Sega shows a loved classic plenty of respect in this remaster, but Nights doesn't stand the test of time.
Nights was an attempt to find a new face for Sega's Saturn console with a game that circumvented easy genre description and defied convention. This was always Sega's strength, but over time, it's proven to be one of their primary weaknesses.
Much like September's release of Jet Set Radio HD, Nights HD isn't just a faithful version of the original; it's a sort of historical document that celebrates the game, warts and all. It even includes the elusive Christmas Nights, a special holiday release distributed through certain magazines and rental outlets for the holiday period of 1997. But Sega can't change the game that released more than 15 years ago. Nights occasionally captures the dreamlike gameplay magic it aspires to, but it feels more like the seed of a great game that just never blossomed into something that fulfilled that potential.
Nights is set in the dream world split between Nightopia and Nightmare.
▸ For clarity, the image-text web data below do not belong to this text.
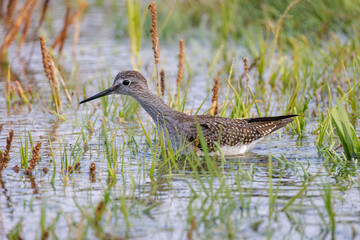 Lesser yellowlegs bird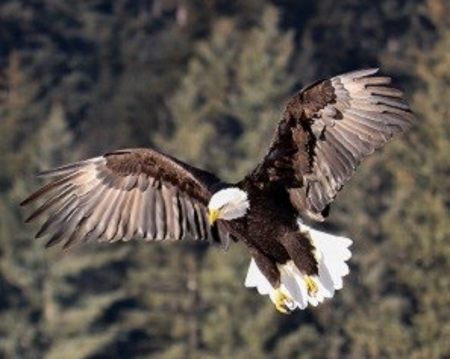 Bald Eagle GNP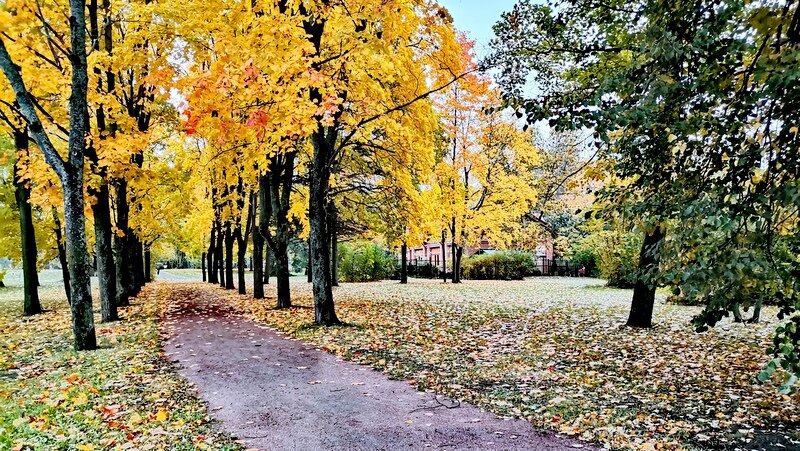 Осень на улицах нашего городка ... - Сергей 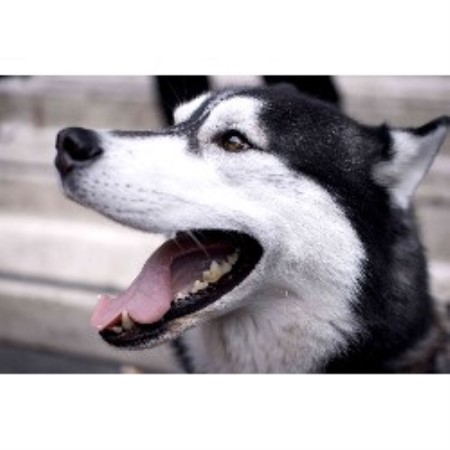 Siberian Husky Stud in London, Middlesex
Teenagers Elliot and Claris join the renegade Nightmaren, Nights, in his quest to defeat the evil lord of Nightmare, Wizeman, and his plot to steal dream energy and take over the world. You'd be forgiven for playing Nights and never knowing any of that - there's not a drop of story in Nights itself. It's from a time when games came with instruction booklets that were 40 or more pages long, where storytelling in games was all but impossible for anything but RPGs, and the manual had all the context you would get.
While it first appears to be a 3D platformer, Nights is something much different. Each level is in fact a course with four laps, each taking a different path through the environment in question. The goal isn't to finish a lap as quickly as possible. Instead, Claris and Elliot take control of Nights and fly through each lap, collecting blue orbs and other pickups. A specific number of blue orbs is required to unlock a magical cage holding one of four Ideya, which represent different facets of the dreamer's personality.
Nights functions in two dimensions during the bulk of its play, but it remains complicated. Its hurt further by its opacity. A timer and a set number of orbs to collect each lap indicates that should finish as quickly as possible. This isn't the case. Instead,Nights expects you to use the time remaining to fly around the level scoring as many points as possible before flying through the finish line. Your score is graded at the end of each lap, and after four runs, you'll encounter a boss.
If it sounds confusing, it is, at least at first. Nights does an excellent job setting up its magical sensibilities and sense of place to buckle under the weight of its convoluted and confusing design. The underlying mechanics are sound - Nights was designed to take advantage of SEGA's "3D controller," a gamepad with an analog joystick, and movement is tuned for smooth turns and graceful loops. But the game designed around the possibilities of analog control struggles to contrive worthwhile reasons to put that control method to use.
Even the bosses only really succeed half the time at taking advantage of what were -- at the time -- the bleeding edge of nuanced controls. More often, they're exercises in frustration. They demand you figure them out with no suggestions byNights as to what it wants from you; do you need to bounce this boss of the floor like the last one, or do you need to throw it through a series of walls, or ... what?
This is Nights most consistent problem - a lack of clarity in goals and design. When Nights originally released, it coasted by on novelty and the then-stunning visuals that Sega was known for. That was enough for the limited number of Sega fans who owned a Saturn and could track the game down. But now, after 15 years, the gauzy veil of obscurity has been pulled away, and what's left is a scaffolding of a game, with little in the way of proper development of its own ideas.
But ... sometimes, Nights works. Occasionally the world ofNights comes together with its particular kind of level design and the tacit encouragement of aerial acrobatics to create a game experience that is singular, and just a little bit magical. It was a rare kind of thing when it came out in 1996, and its even more rare now.
If you want that magic, you have a hard choice to make. This "HD remaster" of Nights contains a version of the Saturn original - complete with a mix of polygonal backgrounds and sprite-based enemies and aerial loops, and which runs in a bordered 4:3 presentation - and an HD port of the Playstation 2 version of Nights that released exclusively in Japan. The HD version is much clearer, and in widescreen, but there's a strange jerkiness to the controls that translates to a much less graceful titular Nightmaren.
This difference isn't obvious until you switch directly from one version to the other, but it's there, and it's odd, and unfortunately it makes Nights less fun as a result. Given how uneven Nights is at its most optimal, it's especially disappointing.